2. During the time of Spielberg's initial interest, Michael Jackson was up for the part of Peter Pan. Years later, when Spielberg returned to the project, the king of Neverland Ranch again lobbied for the part. Spielberg explained to him that Peter was now an adult lawyer who'd forgotten he was ever Pan. The filmmaker told Entertainment Weekly that Jackson understood this was no longer a role he'd want, but Vanity Fair reported that the singer didn't take the news well and tried to wreak vengeance upon Spielberg via a deadly voodoo curse.
3. Had Jackson played Pan, the film would have been a musical. Indeed, Spielberg's usual composer, John Williams, composed eight songs for that version. Only two of them made it into the finished film: "We Don't Wanna Grow Up" and "When You're Alone."

4. The words came from Leslie Bricusse, the lyricist behind "Willy Wonka and the Chocolate Factory" and many other stage and screen musicals.
5. Screenwriter Jim V. Hart credited his little boy with coming up with the film's basic premise: a Hook who'd escaped the crocodile, and a Peter Pan who'd grown up. "I realized that Peter did grow up, just like all of us baby boomers who are now in our forties," Hart told Spielberg biographer Joseph McBride. "I patterned him after several of my friends on Wall Street, where the pirates wear three-piece suits and ride in limos."

6. The production hired John Bradshaw, the then-popular psychologist who specialized in helping stressed-out adults find their inner children, as a story advisor.
7.Carrie Fisher, at the height of her script-doctoring career, did an uncredited rewrite of Hart's script to give Julia Roberts' Tinker Bell better dialogue.

8.Dodi Fayed, ill-fated future beau of Princess Diana, owned a piece of the "Pan" film rights. He sold them to the filmmakers in return for an executive producer credit.

9. Roberts did not wear a wig to play Tinker Bell. Instead, she dyed her famous tresses and cropped them short.
10. "Hook" is full of unusual cameos you might have missed. Fisher and her mentor, "Star Wars" creator and Spielberg's "Indiana Jones" collaborator George Lucas, are both in the film. (They're the couple kissing on the bridge who get fairy dust sprinkled over them.) That police detective is singer Phil Collins.
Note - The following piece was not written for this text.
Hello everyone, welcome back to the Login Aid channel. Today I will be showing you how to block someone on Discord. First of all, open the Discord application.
And the pirates include singers David Crosby and Jimmy Buffett. And yes, that GIF above is indeed Glenn Close (in drag, rocking a beard).
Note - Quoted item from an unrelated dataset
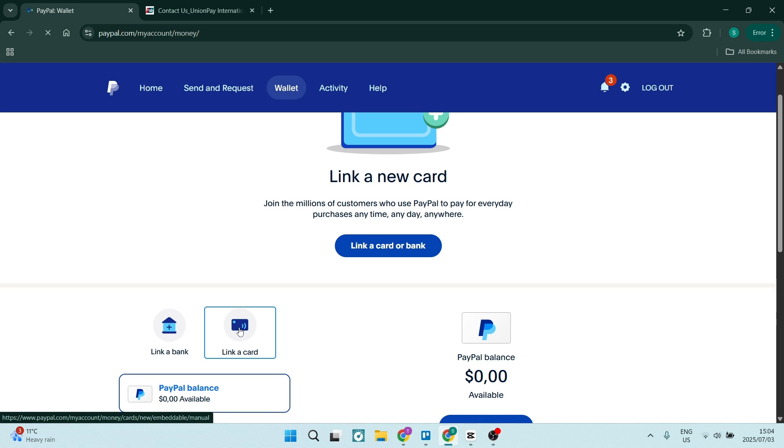Now once you click on link a card, you will be redirected to the page where you have to enter your card details. Of course, at this point you will use the details that have been provided to you by Union Pay when you applied for your account and got your card. So this is what it looks like.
11. One walk-on actor you might have recognized is Gwyneth Paltrow, making her screen debut at 19 as the young Wendy. She's also Spielberg's goddaughter, and he recalled to Entertainment Weekly that he suddenly realized she was right for the part one night in his car after the Spielbergs and the Paltrows were returning from a screening of "The Silence of the Lambs."
12. Thanks in part to the elaborate production design, "Hook" is one of the very few movies by the usually efficient director that went over schedule and over budget. Set to run 76 days, the shoot ran 116 days instead, and the cost, which started out at $48 million, ballooned to somewhere between $60 and $80 million.

13. Though considered a box office disappointment by Spielberg's usual standards, "Hook" did gross $120 million in North America and a total of $301 million worldwide. Outside of the "Pirates of the Caribbean" films, it's the most lucrative pirate-themed movie ever made.
14. "Hook" earned five Oscar nominations: Best Production Design, Best Costume Design, Best Visual Effects, Best Makeup, and Best Song ("When You're Alone"). It was shut out in all categories.
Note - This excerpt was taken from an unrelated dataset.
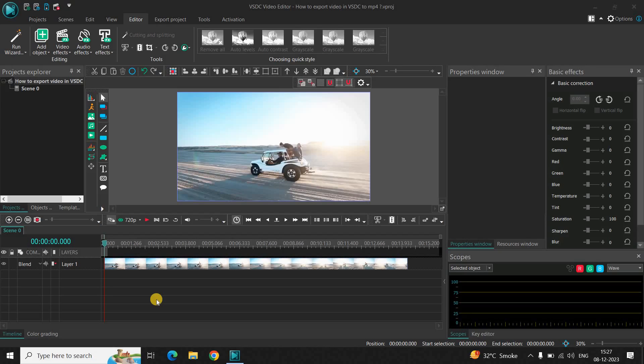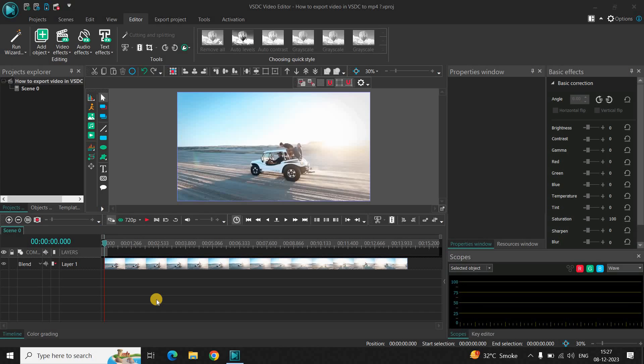Hey guys, welcome back to Next Gen Blog. In this video I want to show you how you can export video to MP4 in VSDC video editor. It's actually super easy to export video to MP4 in VSDC, so without further delay let's get started and see how you can do this.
15. Roberts was nominated for a Razzie for Worst Supporting Actress.
16. Two decades after releasing "Hook," Spielberg had mixed feelings about the movie.

"There are parts of 'Hook' I love. I'm really proud of my work right up through Peter being hauled off in the parachute out the window, heading for Neverland," he told Entertainment Weekly in 2011. "I'm a little less proud of the Neverland sequences, because I'm uncomfortable with that highly stylized world that today, of course, I would probably have done with live-action character work inside a completely digital set. But we didn't have the technology to do it then, and my imagination only went as far as building physical sets and trying to paint trees blue and red."